Suç Çetesi - 52. Bölüm / "Taburcu"

28.8K 1.5K 232
                                    

Birileri boynumu okşuyordu ve ben de bundan son derece tahrik oluyordum. Ama birilerinin boynumu okşamadığının farkındaydım çünkü sabaha karşı hastaneye gelip Koray'ın yanındaki refakatçi koltuğuna yatmıştım. Şuanda bir rüya görüyor olmalıydım.

Rüyalarımda bile tahrik olmaktan nefret ediyorum amına koyayım.

Ah. Ama çok güzel ya.

"Sen biriyle mi yiyiştin?"

Bu ses rüyamdan geliyor olamazdı değil mi? Ay yok artık bu resmen... Bu ses resmen...

Gözlerimi araladığımda karşımda dikilmiş Koray'ı görünce çığlık attım ve o da ellerini dudaklarıma bastırdı. O kadar şaşırdım ki gözlerim dolmuştu. Rüya da mıyım yoksa Koray gerçekten karşımda dikiliyor mu? Aldığım nefesler göğüs kafesime sığamaz oldu, üstelik o ağzımı kapatırken rahatça nefes veremiyordum bile.

"Sakın bağırma, tamam mı?"

Çıldıracağım!

Başımı salladım. Ve yavaşça ellerini dudaklarımdan çekti. Önce içime biriken nefesleri dışarı yolladım ve daha sonra, kekeleyerek de olsa "Bu ne?" diye fısıldayabildim. "Bu ne biçim felç?" felçli diye neredeyse bir aydır yatakta yatan herif şuan karşıma dikilmiş bana hesap soruyordu.

"Beni siktir et. Dün gece ne yaptın?"

"Birilerini öldürmek dışında mı?" diye sordum hafifçe gülümseyerek. Yaptığım işler bana komik geliyordu.

Ona komik gelmediği için yüzünü buruşturdu. "Evet."

Dün gece neler yaptığımı hatırlamak için gözlerimi şöyle bir ondan aldığımda acaba Koray'ı düşünmeye devam mı etsem yoksa dün gecenin ayrıntılarını anımsamaya başlasam mı diye düşündüm önce.

Koray sapasağlam ayaktaydı ve daha fazla deşmek istemiyordum.
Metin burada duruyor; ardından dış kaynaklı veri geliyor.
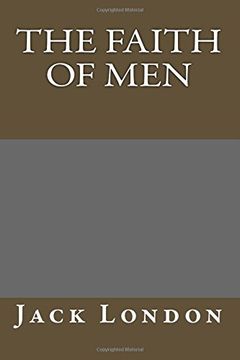 portada The Faith of men (en Inglés)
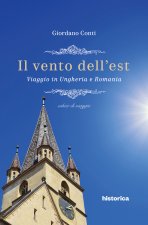 vento dell'est. Viaggio in Ungheria e Romania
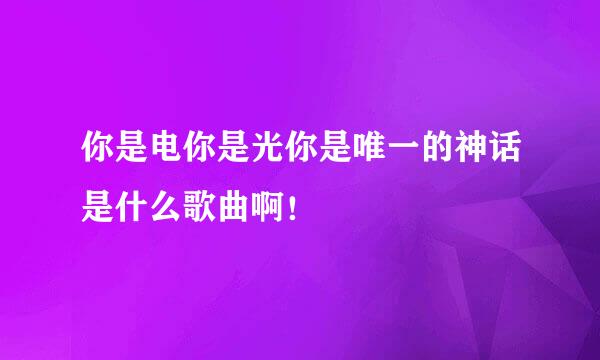 你是电你是光你是唯一的神话是什么歌曲啊！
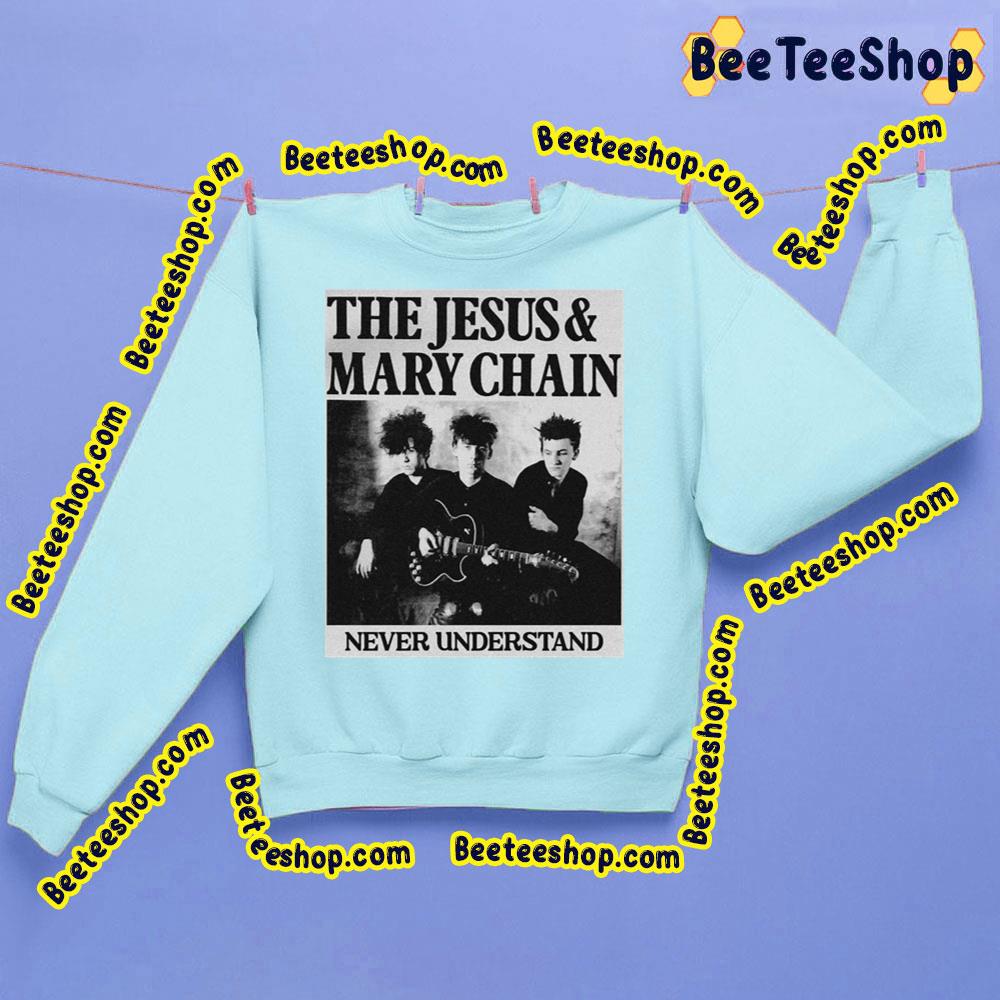Never Understand The Jesus And Mary Chain Trending Unisex Sweatshirt Never Understand The Jesus And Mary Chain Trending Unisex Sweatshirt
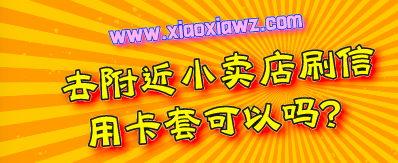 去附近小卖店刷信用卡套可以吗?业内老司机提醒别信!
Doktor zaten en başında geçici olabilir gibisinden bir şey demişti. 24 saat içinde geçerse inme, daha fazla sürerse nörolojik bir rahatsızlık olarak anılacak ve eğer bir aydan bile fazla sürerse tamamen felç sayılacaktı ve o zaman da bizi buradan taburcu edip daha büyük yerlere göndereceklerdi.

Ve ben her gece felçli olmaması için dua etmiştim.

Ve değildi işte!

Mutluyum. Ağlayacağım neredeyse. O ise hiçbir şey olmamış gibi boynumdaki morlukların sebebini merak ediyordu.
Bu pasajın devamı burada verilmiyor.